A melhor repercussão que o livro poderia ter seria sua venda em livrarias e sua recepção pelo leitor e pela crítica. Que eu saiba, só há um livreiro em Teresina que tem apreço pelo autor local: é o Leonardo Dias.  Por isso, só deixei o livro na livraria dele. Entreguei também alguns exemplares ao Espaço Cultural São Francisco, no Mafuá, onde fiz um dos lançamentos. Mas confesso: não sei como distribuí-lo. Bom seria se tivéssemos um profissional que pudesse fazer esse trabalho. Como não conheço nenhum, uso o tradicional sistema amador, levando a obra aos lugares aonde vou. Gosto muito do contato direto com o leitor, de conversar com ele, saber o que ele pensa. Tenho recebido manifestações de pessoas que já me conhecem como cronista. Alguns escritores e leitores sinceros gostam do que escrevo e fazem questão de dizer para mim. Isso me alimenta. O feedback é vital para o escritor.

Como você avalia o atual panorama literário praticado no Piauí?

Alguns pontos de partida podem ser úteis para essa avaliação: o que se produz literariamente aqui? Como o escritor e o livro são recepcionados pela sociedade? Que instrumentos o Estado e a sociedade possuem para favorecer a criação literária, a editoração de livros e o acesso à cultura? Há o exercício de uma crítica militante? Falo de Teresina, pois desconheço a realidade nas outras cidades. Não sei exatamente quantos livros e revistas foram publicados em 2011, mas talvez tenham sido suficientes para não haver uma estagnação, como a do teatro, que vive uma situação preocupante. Duas editoras, a Nova Aliança e a Renoir, têm publicado – poucos títulos, é verdade -, mas o fato de existirem simultaneamente é algo inédito em Teresina. Acho positiva a ocorrência periódica do Salão do Livro, com todas as carências que possa ter. O surgimento da revista da Academia Onírica é um sopro de vitalidade. A continuidade da Desenredos é também um exemplo de vitalidade e rigor, que considero indispensáveis. O fato de Assis Brasil estar residindo entre nós, participando ativamente da vida literária, é um alento auspicioso. Além de grande escritor, é um exemplo de longevidade criativa que todos nós devemos celebrar. Em relação à participação do Estado, considero-a praticamente nula, e nesse ponto acho que há um retrocesso que já dura uma ou duas décadas.
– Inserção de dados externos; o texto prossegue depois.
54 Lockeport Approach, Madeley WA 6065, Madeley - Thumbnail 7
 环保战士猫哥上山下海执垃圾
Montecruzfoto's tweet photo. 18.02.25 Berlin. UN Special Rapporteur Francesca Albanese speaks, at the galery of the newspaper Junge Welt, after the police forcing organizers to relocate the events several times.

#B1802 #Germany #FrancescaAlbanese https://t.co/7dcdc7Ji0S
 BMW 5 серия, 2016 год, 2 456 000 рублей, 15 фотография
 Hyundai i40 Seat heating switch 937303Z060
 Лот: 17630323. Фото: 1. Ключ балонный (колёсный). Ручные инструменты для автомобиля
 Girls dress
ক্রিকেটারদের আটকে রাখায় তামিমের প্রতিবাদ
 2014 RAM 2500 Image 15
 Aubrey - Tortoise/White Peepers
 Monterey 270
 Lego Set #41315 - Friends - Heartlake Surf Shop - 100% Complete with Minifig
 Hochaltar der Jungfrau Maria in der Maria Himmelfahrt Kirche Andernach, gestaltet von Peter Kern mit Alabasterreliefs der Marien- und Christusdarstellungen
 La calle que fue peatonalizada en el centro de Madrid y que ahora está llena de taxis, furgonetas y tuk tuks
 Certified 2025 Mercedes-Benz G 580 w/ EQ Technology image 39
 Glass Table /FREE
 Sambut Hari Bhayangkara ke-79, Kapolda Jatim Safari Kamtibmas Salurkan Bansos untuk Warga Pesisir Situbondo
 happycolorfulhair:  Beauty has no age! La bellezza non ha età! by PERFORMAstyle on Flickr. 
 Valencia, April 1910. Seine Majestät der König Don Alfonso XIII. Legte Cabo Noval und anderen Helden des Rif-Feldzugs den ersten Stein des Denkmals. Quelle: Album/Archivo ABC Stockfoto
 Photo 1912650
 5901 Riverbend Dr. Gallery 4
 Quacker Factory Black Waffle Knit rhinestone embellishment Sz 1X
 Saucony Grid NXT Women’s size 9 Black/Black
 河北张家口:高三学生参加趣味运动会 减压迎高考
Tenho muita vontade de saber como se dá o ensino de literatura nas escolas, as abordagens usadas e principalmente as consequências desse ensino. Sobre uma crítica militante, acho que nunca a tivemos. Suplementos literários de jornais poderiam ser veículos para expressão da crítica especializada, mas não os há entre nós. O crítico também deveria ser um profissional remunerado para exercer seu trabalho.